Man muss sich auch daran erinnern, dass zum Beispiel die Zivilbevölkerung in Gaza solche Möglichkeiten überhaupt nicht hat. Dort gibt es keinen Schutz. In Tel Aviv haben wir anderthalb Minuten Zeit, um in einen Bunker zu gehen. In Häusern, die keine Bunkerräume haben, wird den Bewohnern empfohlen, ins Treppenhaus zu gehen. Ich habe das Privileg, in einer Wohnung zu wohnen, die einen Bunkerraum hat. Das ist im Prinzip ein ganz normales Zimmer, das so eine Art Stahlgitter vor den Fenstern hat. Und die Wände sind dicker und die Tür sieht ein bisschen anders aus, weil sie auch deutlich dicker und aus Beton ist. Dort schlafe ich übrigens auch im Moment.
Im Norden ist es noch mal eine andere Situation, weil dort das Ausmaß der potenziellen Eskalation noch ungeahnt ist. Wir wissen nicht genau, mit welchen Waffen die Hisbollah zuschlagen könnte. Wir wissen nicht genau, wie der Krieg dort aussehen könnte. Natürlich ist in dieser Eskalation auch noch eine andere Bedrohung vorhanden. Das sind die Infiltrationen. Wir haben gesehen, dass Mitglieder der Hamas über die Grenze gelaufen sind.

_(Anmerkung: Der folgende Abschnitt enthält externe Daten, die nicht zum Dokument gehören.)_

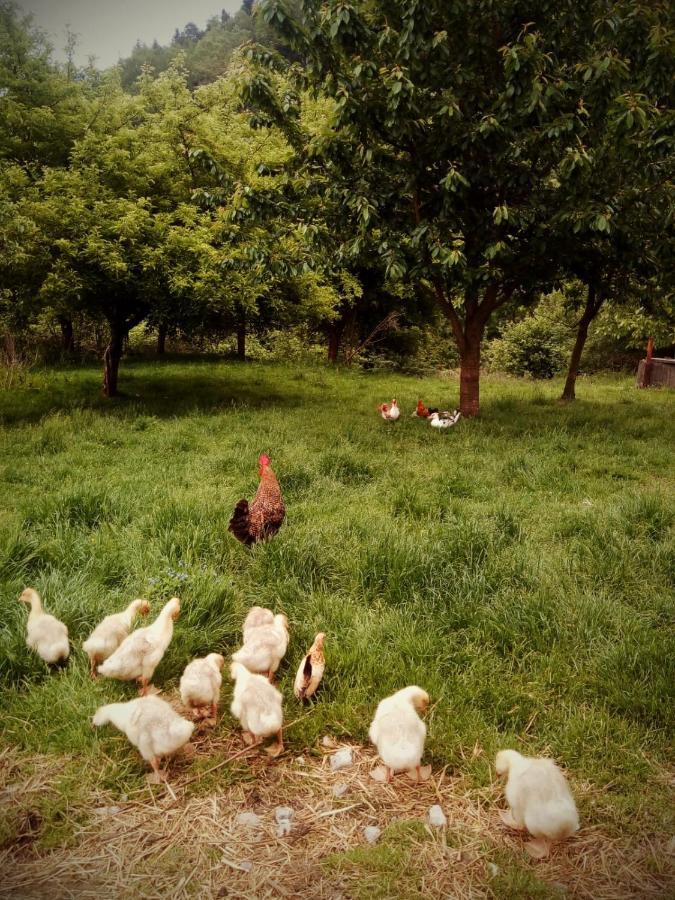 Agroturystyka U Babci Czchow Luaran gambar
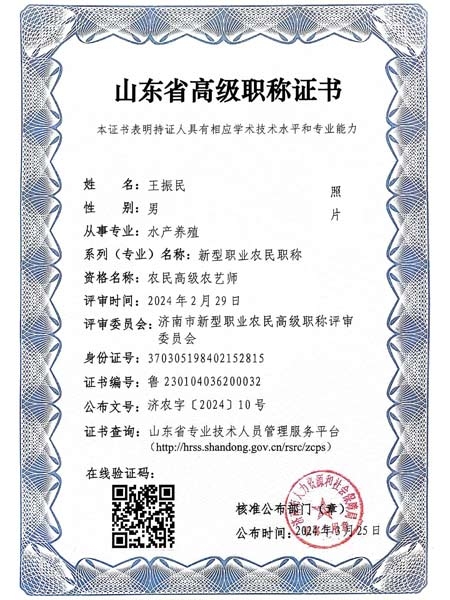 山东省高级职称证书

Genau das wird auch im Norden erwartet. Da gab es auch schon ein oder zwei Alarme, wo die Bewohner von einigen Orten in ihre Bunkerräume gebeten wurden, weil es einen Alarm gab, dass Leute über die Grenze gekommen sind. Das stellte sich im Norden danach als falsch heraus, aber das ist eine neue Bedrohung, die wir so noch nicht kannten und wo es natürlich auch noch mal schwieriger ist, dagegen vorzugehen.

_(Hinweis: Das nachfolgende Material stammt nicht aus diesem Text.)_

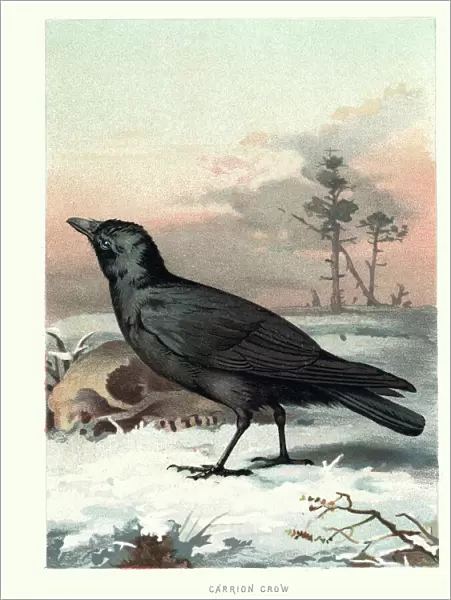 Natural History - Birds - Carrion Crow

Frage: Was müsste passieren, dass Sie als Reporterin sagen, Sie wollen zurück nach Deutschland?
Steckelbach: Das ist eine Frage, die mir meine Mutter gestern noch gestellt hat. Ich kann sie nicht beantworten. Dadurch, dass ich nicht nur hier arbeite, sondern auch hier lebe, ist es sehr schwer für mich jetzt zu sagen, ich gehe einfach wieder zurück nach Deutschland, eben weil mein Lebensmittelpunkt doch hier liegt. Ich kann die Frage nicht final beantworten.

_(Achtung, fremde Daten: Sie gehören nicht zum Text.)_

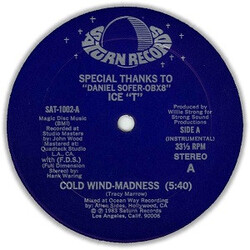 Ice-T Cold Wind-Madness / The Coldest Rap Vinyl 12" USED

Ich glaube, ein gutes Indiz ist, wenn die deutsche Botschaft vollständig evakuiert werden würde oder wenn sich auch andere Auslandskorrespondenten aus dem Land begeben. Das ist aber eine Frage, bei der es, glaube ich, auch auf sehr viele verschiedene andere Umstände ankäme. Ich sehe im Moment noch nicht, dass das passiert. Ich bin im Moment vielleicht noch optimistisch, vielleicht naiv. Ich glaube eher optimistisch, dass die Situation nicht so schlimm wird, dass wir auch als Journalisten irgendwann mal zurückfliegen müssen, weil die Präsenz von Journalisten gerade in Kriegssituationen einfach wahnsinnig wichtig ist.